02/15/06 (Conclusion)

by Sandra Barret


Disclaimer: This is an original work of fiction. All characters, world building, and story belong to the author.

Synopsis: My name is Jade, and this journal has all my day to day dribble. How I live, work, and shop, whom I eat, and how I deal with sharing this world with humans, demons and various things in between. I've been dead for over 300 years, but frankly, being a vampire has never been harder.

And to add to my stress, I have a vampire hunter with a bug up his ass over me, just because I turned his wife. What can I say? She dug me. And my friends wonder why I have attitude problems.
 

Feedback: Constructive comments and criticism welcomed at sbarret_fic@yahoo.com, and many thanks for reading.


 

That's About It

 

Oh, I do so live my home life. *cough*. After another lunar cycle, Mona's pretty much on her own. That's one less thing for me to worry about. But then Jackie turned into Sally Sullen lately. Humans. You can't live with them, you can't live without 'em... Ok, maybe I could, but animal blood is about as tasty as saltines. Without the salt.

So Jackie the Sullen.

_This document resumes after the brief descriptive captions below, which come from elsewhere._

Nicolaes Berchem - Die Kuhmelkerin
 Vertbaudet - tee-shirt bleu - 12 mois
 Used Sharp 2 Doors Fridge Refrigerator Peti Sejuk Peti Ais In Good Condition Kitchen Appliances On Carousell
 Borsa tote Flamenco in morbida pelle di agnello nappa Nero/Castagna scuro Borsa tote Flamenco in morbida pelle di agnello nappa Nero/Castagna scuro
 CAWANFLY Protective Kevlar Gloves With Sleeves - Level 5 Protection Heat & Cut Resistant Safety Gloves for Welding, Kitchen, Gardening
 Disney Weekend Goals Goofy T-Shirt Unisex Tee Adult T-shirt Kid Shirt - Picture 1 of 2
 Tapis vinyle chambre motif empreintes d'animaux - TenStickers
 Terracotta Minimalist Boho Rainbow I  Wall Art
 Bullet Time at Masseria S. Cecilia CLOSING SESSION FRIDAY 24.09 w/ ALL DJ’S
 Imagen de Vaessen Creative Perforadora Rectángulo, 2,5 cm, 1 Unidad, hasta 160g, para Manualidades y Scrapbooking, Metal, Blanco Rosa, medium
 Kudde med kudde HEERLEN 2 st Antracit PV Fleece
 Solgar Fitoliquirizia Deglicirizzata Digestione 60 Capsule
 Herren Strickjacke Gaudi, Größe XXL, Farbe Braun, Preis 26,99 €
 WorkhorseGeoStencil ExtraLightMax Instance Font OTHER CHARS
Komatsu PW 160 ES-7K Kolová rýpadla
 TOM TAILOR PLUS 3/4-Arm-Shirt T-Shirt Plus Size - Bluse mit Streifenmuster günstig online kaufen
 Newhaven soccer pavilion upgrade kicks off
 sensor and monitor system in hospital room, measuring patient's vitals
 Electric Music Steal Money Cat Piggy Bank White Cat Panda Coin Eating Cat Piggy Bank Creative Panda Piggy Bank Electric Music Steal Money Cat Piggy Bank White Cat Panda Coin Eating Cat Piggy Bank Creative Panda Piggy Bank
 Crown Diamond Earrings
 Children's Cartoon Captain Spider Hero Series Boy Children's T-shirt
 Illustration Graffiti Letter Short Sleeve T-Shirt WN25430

Seems she's not to keen on Mona's new nightlife. Well, as far as I know, she doesn't know that Mona's nightlife involves human snackage three nights a month. But still, Mona's the girl Jackie went through hell and back again to save when she was still human and even after becoming a mongrel. And after all those life-changing events? Jackie discovers that Mona is still Mona. Shallow, vacuous, and quite frequently, boring as all get-out.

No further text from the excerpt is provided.